| Date | November 2017 | Marks available | 2 | Reference code | 17N.3srg.hl.TZ0.1 |
| Level | HL only | Paper | Paper 3 Sets, relations and groups | Time zone | TZ0 |
| Command term | State and Justify | Question number | 1 | Adapted from | N/A |
Question
Consider the group \(\{ G,{\text{ }}{ \times _{18}}\} \) defined on the set \(\{ 1,{\text{ }}5,{\text{ }}7,{\text{ }}11,{\text{ }}13,{\text{ }}17\} \) where \({ \times _{18}}\) denotes multiplication modulo 18. The group \(\{ G,{\text{ }}{ \times _{18}}\} \) is shown in the following Cayley table.

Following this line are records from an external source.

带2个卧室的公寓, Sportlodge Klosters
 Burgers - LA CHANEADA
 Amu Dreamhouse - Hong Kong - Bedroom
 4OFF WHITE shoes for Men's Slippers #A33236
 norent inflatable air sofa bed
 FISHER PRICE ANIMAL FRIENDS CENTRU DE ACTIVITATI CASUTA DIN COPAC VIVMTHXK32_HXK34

The subgroup of \(\{ G,{\text{ }}{ \times _{18}}\} \) of order two is denoted by \(\{ K,{\text{ }}{ \times _{18}}\} \).
Find the order of elements 5, 7 and 17 in \(\{ G,{\text{ }}{ \times _{18}}\} \).
State whether or not \(\{ G,{\text{ }}{ \times _{18}}\} \) is cyclic, justifying your answer.
Write down the elements in set \(K\).
Find the left cosets of \(K\) in \(\{ G,{\text{ }}{ \times _{18}}\} \).
Markscheme
considering powers of elements (M1)
5 has order 6 A1
7 has order 3 A1
17 has order 2 A1
[4 marks]
\(G\) is cyclic A1
because there is an element (are elements) of order 6 R1
Note: Accept “there is a generator”; allow A1R0.
[3 marks]
\(\{ 1,{\text{ }}17\} \) A1
[1 mark]
multiplying \(\{ 1,{\text{ }}17\} \) by each element of \(G\) (M1)
\(\{ 1,{\text{ }}17\} ,{\text{ }}\{ 5,{\text{ }}13\} ,{\text{ }}\{ 7,{\text{ }}11\} \) A1A1A1
[4 marks]